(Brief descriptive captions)

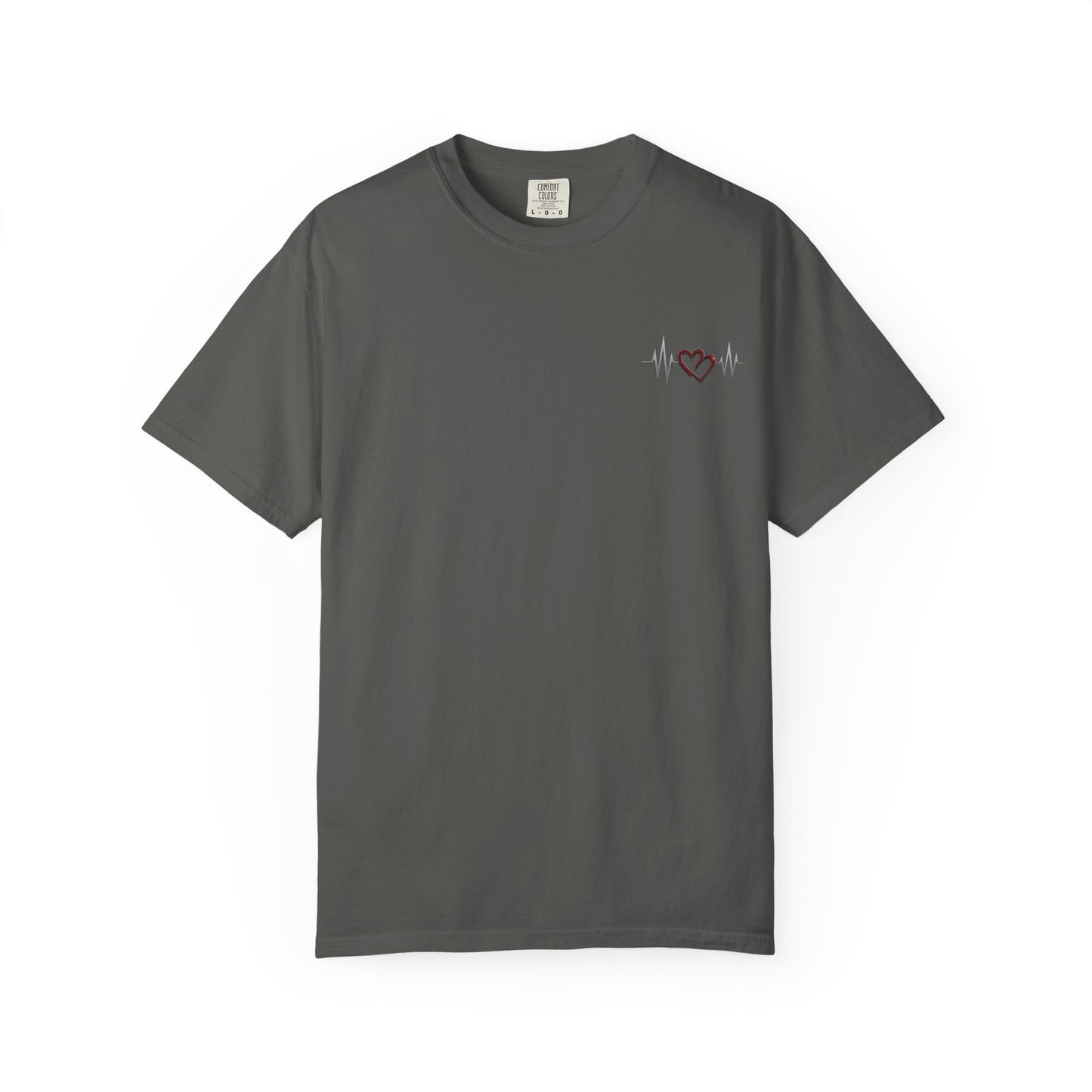 Mashafrica style heart design t-shirt in dark gray with small heart and heartbeat graphic on chest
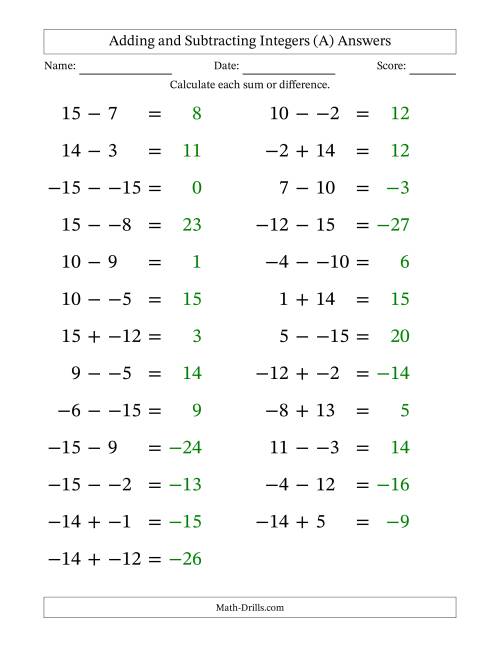 Adding and Subtracting Mixed Integers from -15 to 15 (25 Questions ...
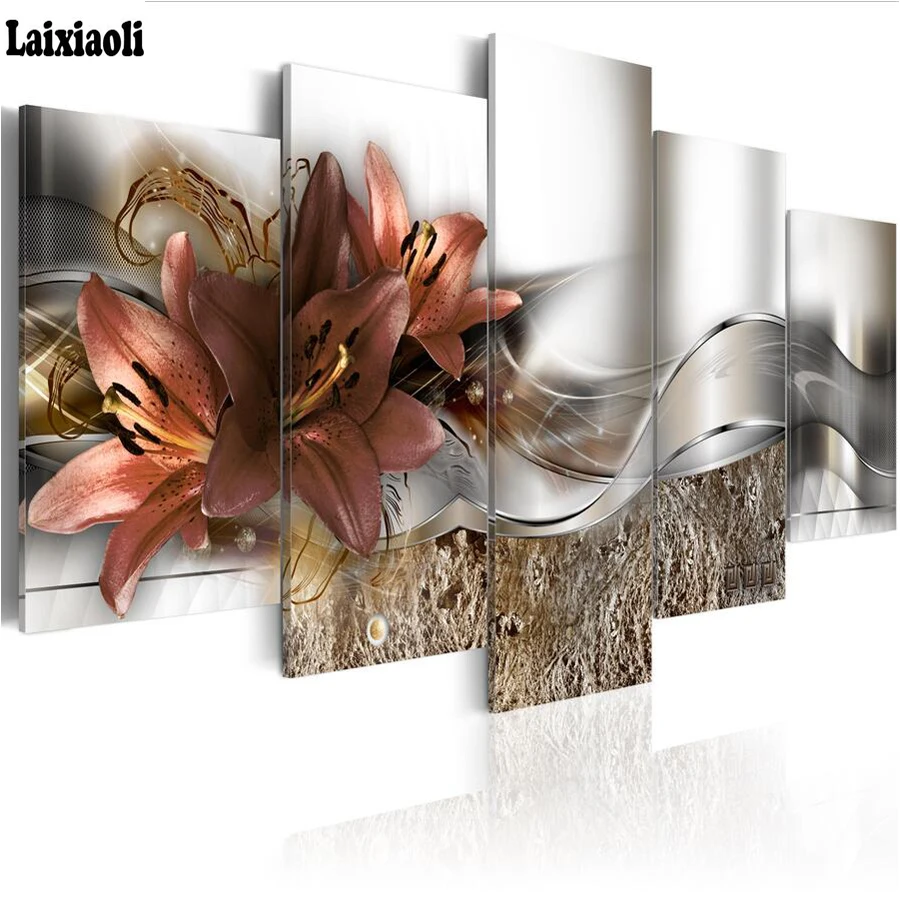 

5 PCS lily Flower 5D DIY Diamond Painting full square Customized picture With Diamonds painting Rhinestone Embroidery Mosaic Kit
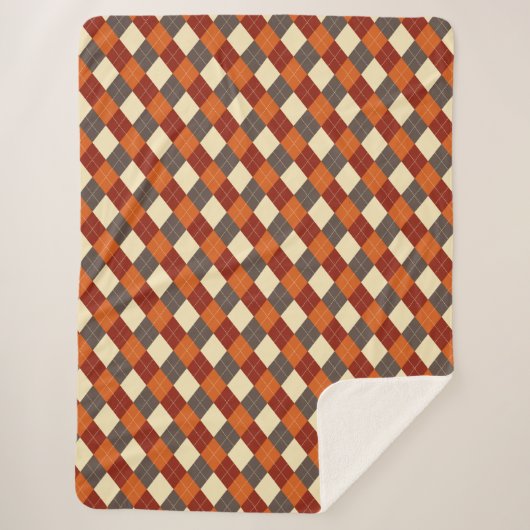 Couverture Sherpa Motif Gingham d'automne (Devant)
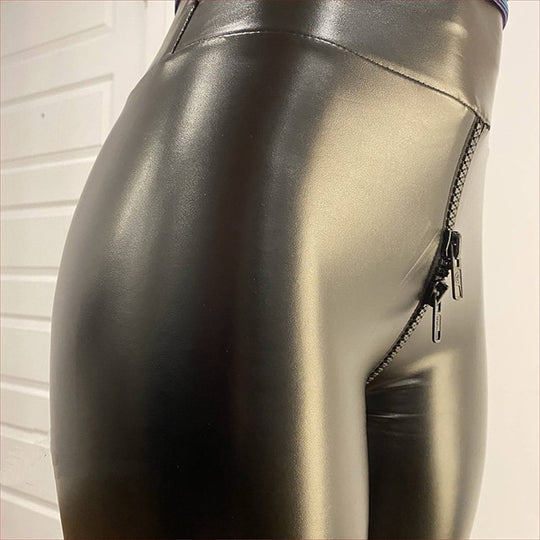 Kaerisse | Slim Fit damesbroek van imitatieleer - hoge taille, dikke rits, smalle pijpen, stretch comfort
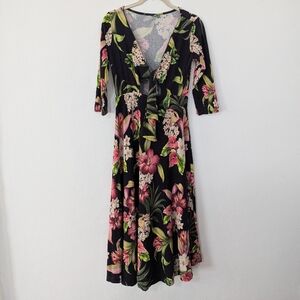 Farm Rio Tie Front Cutout Floral Tropical Print Midi Dress Black Medium M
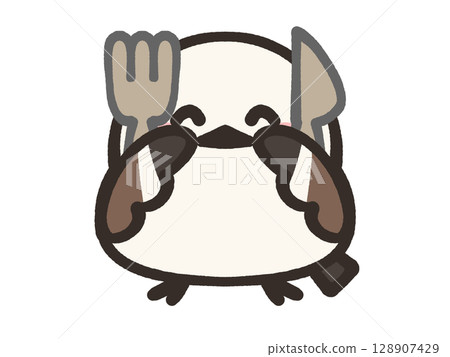 Illustration material of a loose long-tailed tit holding a knife and fork 128907429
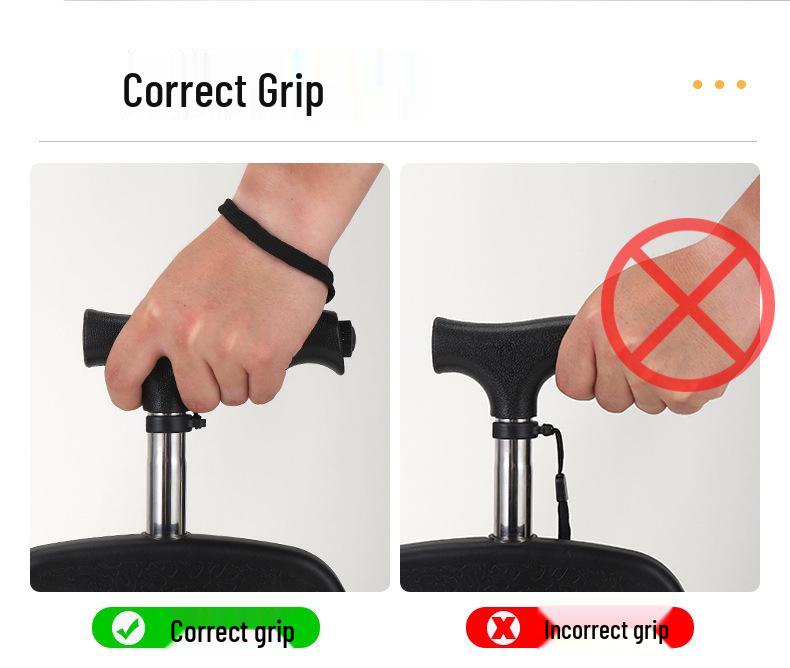 Elderly Non-Slip Folding Cane Stool with Light - Portable Lightweight Hiking Aid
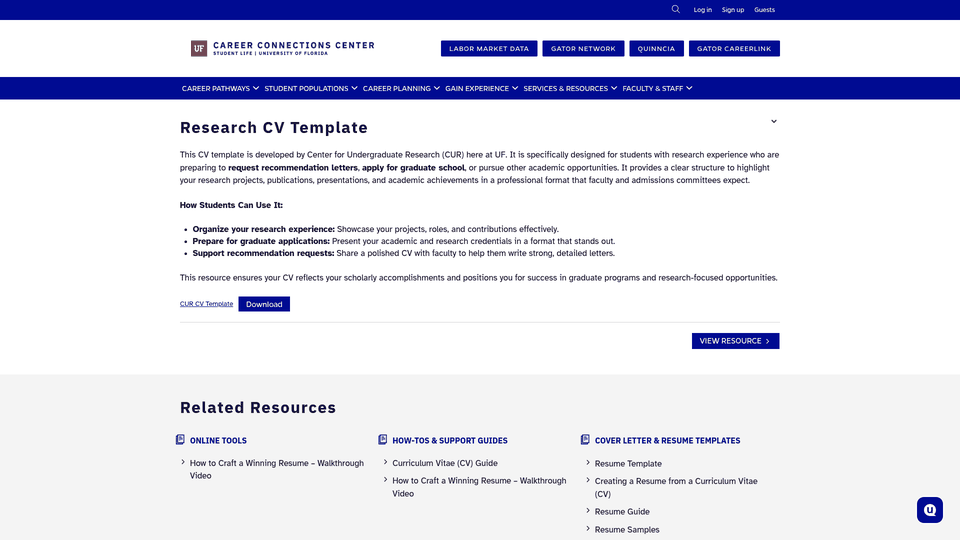 Screenshot: University of Florida's Research CV template page, offering a ready‑to‑use format for showcasing research experience.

- _Problem_
Return exactly, with no pictures, each line from the one that contains "Kaerisse | Slim" through the end of the entries above, both ends included.

- _Solution for this task_
 Kaerisse | Slim Fit damesbroek van imitatieleer - hoge taille, dikke rits, smalle pijpen, stretch comfort
 Farm Rio Tie Front Cutout Floral Tropical Print Midi Dress Black Medium M
 Illustration material of a loose long-tailed tit holding a knife and fork 128907429
 Elderly Non-Slip Folding Cane Stool with Light - Portable Lightweight Hiking Aid
 Screenshot: University of Florida's Research CV template page, offering a ready‑to‑use format for showcasing research experience.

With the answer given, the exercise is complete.